START Data provided
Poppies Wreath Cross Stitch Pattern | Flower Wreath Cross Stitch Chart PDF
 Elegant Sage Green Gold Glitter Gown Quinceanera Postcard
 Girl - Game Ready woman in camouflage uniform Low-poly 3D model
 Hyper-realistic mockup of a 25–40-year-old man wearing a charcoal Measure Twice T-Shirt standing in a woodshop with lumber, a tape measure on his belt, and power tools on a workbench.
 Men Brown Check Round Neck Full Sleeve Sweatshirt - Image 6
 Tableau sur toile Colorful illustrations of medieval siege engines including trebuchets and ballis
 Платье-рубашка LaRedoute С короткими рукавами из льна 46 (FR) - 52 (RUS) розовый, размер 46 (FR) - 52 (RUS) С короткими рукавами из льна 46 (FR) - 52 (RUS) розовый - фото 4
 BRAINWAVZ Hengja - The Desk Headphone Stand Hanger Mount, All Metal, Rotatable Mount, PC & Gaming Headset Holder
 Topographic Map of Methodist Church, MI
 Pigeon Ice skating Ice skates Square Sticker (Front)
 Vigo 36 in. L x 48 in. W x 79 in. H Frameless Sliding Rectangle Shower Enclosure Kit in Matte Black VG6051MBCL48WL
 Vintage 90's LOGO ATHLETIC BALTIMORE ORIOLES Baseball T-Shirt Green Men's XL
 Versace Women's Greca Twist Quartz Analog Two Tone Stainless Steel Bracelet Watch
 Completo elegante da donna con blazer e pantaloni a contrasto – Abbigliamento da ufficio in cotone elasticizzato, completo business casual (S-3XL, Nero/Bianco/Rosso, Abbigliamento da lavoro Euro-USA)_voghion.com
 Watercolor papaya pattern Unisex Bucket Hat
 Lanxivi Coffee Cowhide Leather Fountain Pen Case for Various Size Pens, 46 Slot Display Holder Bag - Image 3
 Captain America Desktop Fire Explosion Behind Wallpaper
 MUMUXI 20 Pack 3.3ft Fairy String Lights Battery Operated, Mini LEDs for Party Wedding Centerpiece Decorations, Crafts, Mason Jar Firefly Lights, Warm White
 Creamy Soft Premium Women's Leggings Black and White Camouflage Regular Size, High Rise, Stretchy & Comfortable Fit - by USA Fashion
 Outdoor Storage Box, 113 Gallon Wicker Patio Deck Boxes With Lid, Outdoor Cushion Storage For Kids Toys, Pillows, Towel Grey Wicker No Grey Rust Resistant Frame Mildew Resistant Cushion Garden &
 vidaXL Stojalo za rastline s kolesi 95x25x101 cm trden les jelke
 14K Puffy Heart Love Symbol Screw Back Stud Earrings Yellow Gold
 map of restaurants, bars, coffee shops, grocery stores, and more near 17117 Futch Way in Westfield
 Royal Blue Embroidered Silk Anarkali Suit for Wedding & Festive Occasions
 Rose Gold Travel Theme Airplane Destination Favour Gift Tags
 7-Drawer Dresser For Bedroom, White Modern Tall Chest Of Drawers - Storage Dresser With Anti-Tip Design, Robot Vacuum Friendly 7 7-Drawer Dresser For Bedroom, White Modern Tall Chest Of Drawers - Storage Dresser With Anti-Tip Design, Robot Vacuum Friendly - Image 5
END Data provided
• Exercise aim:
Write every entry out again. Keep each one exact.

• Written answer:
Poppies Wreath Cross Stitch Pattern | Flower Wreath Cross Stitch Chart PDF
 Elegant Sage Green Gold Glitter Gown Quinceanera Postcard
 Girl - Game Ready woman in camouflage uniform Low-poly 3D model
 Hyper-realistic mockup of a 25–40-year-old man wearing a charcoal Measure Twice T-Shirt standing in a woodshop with lumber, a tape measure on his belt, and power tools on a workbench.
 Men Brown Check Round Neck Full Sleeve Sweatshirt - Image 6
 Tableau sur toile Colorful illustrations of medieval siege engines including trebuchets and ballis
 Платье-рубашка LaRedoute С короткими рукавами из льна 46 (FR) - 52 (RUS) розовый, размер 46 (FR) - 52 (RUS) С короткими рукавами из льна 46 (FR) - 52 (RUS) розовый - фото 4
 BRAINWAVZ Hengja - The Desk Headphone Stand Hanger Mount, All Metal, Rotatable Mount, PC & Gaming Headset Holder
 Topographic Map of Methodist Church, MI
 Pigeon Ice skating Ice skates Square Sticker (Front)
 Vigo 36 in. L x 48 in. W x 79 in. H Frameless Sliding Rectangle Shower Enclosure Kit in Matte Black VG6051MBCL48WL
 Vintage 90's LOGO ATHLETIC BALTIMORE ORIOLES Baseball T-Shirt Green Men's XL
 Versace Women's Greca Twist Quartz Analog Two Tone Stainless Steel Bracelet Watch
 Completo elegante da donna con blazer e pantaloni a contrasto – Abbigliamento da ufficio in cotone elasticizzato, completo business casual (S-3XL, Nero/Bianco/Rosso, Abbigliamento da lavoro Euro-USA)_voghion.com
 Watercolor papaya pattern Unisex Bucket Hat
 Lanxivi Coffee Cowhide Leather Fountain Pen Case for Various Size Pens, 46 Slot Display Holder Bag - Image 3
 Captain America Desktop Fire Explosion Behind Wallpaper
 MUMUXI 20 Pack 3.3ft Fairy String Lights Battery Operated, Mini LEDs for Party Wedding Centerpiece Decorations, Crafts, Mason Jar Firefly Lights, Warm White
 Creamy Soft Premium Women's Leggings Black and White Camouflage Regular Size, High Rise, Stretchy & Comfortable Fit - by USA Fashion
 Outdoor Storage Box, 113 Gallon Wicker Patio Deck Boxes With Lid, Outdoor Cushion Storage For Kids Toys, Pillows, Towel Grey Wicker No Grey Rust Resistant Frame Mildew Resistant Cushion Garden &
 vidaXL Stojalo za rastline s kolesi 95x25x101 cm trden les jelke
 14K Puffy Heart Love Symbol Screw Back Stud Earrings Yellow Gold
 map of restaurants, bars, coffee shops, grocery stores, and more near 17117 Futch Way in Westfield
 Royal Blue Embroidered Silk Anarkali Suit for Wedding & Festive Occasions
 Rose Gold Travel Theme Airplane Destination Favour Gift Tags
 7-Drawer Dresser For Bedroom, White Modern Tall Chest Of Drawers - Storage Dresser With Anti-Tip Design, Robot Vacuum Friendly 7 7-Drawer Dresser For Bedroom, White Modern Tall Chest Of Drawers - Storage Dresser With Anti-Tip Design, Robot Vacuum Friendly - Image 5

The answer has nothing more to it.